Ryanair is facing challenges in its business performance, leading to disappointment among investors. The Irish budget airline’s stock has fallen by 17% following the release of a quarterly earnings report that was weaker than anticipated. The company’s revenue remained stable at €3.6 billion ($4 billion) compared to last year, but profits nearly halved to €336 million. CEO Michael O’Leary noted that while more passengers are flying with Ryanair—up by 10% to 55 million—the company is struggling to boost fares and bookings as desired.
During the earnings call, O’Leary highlighted the challenges in achieving close-in fare performance, particularly as the company approaches peak travel months in July, August, and September. He attributed some of the difficulties to declining demand and rising labor costs, and he also pointed fingers at Boeing for ongoing delivery delays, a persistent issue for the airline. Despite these setbacks, O’Leary has consistently defended Boeing, even after a safety incident earlier this year involving a 737 Max 9.

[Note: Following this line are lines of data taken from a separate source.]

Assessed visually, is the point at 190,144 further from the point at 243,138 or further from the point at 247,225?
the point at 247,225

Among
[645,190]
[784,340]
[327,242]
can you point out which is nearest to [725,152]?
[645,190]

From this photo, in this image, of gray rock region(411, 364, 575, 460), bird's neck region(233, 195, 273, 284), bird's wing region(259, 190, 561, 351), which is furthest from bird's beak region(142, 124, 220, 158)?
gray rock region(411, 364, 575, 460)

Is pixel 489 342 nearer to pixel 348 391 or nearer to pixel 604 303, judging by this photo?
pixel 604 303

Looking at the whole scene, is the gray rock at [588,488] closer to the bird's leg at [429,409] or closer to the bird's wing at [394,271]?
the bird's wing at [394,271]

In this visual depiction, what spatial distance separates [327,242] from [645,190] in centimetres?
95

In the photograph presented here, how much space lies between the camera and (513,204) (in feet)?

O’Leary remarked that consumers seem to be experiencing more financial strain than earlier in the recovery from COVID-19, with inflation and slow economic growth impacting spending in the European Union. He indicated that this might result in Ryanair operating fewer aircraft, which he suggested could have benefits for the airline in the long run. “We will have less capacity into summer 2025 than we were originally scheduled to have with our Boeing delivery, and then we’re looking at two years of essentially no capacity growth at all,” O’Leary explained. He added that if consumer pressure persists over the next year to 18 months, this situation might not be detrimental for the airline.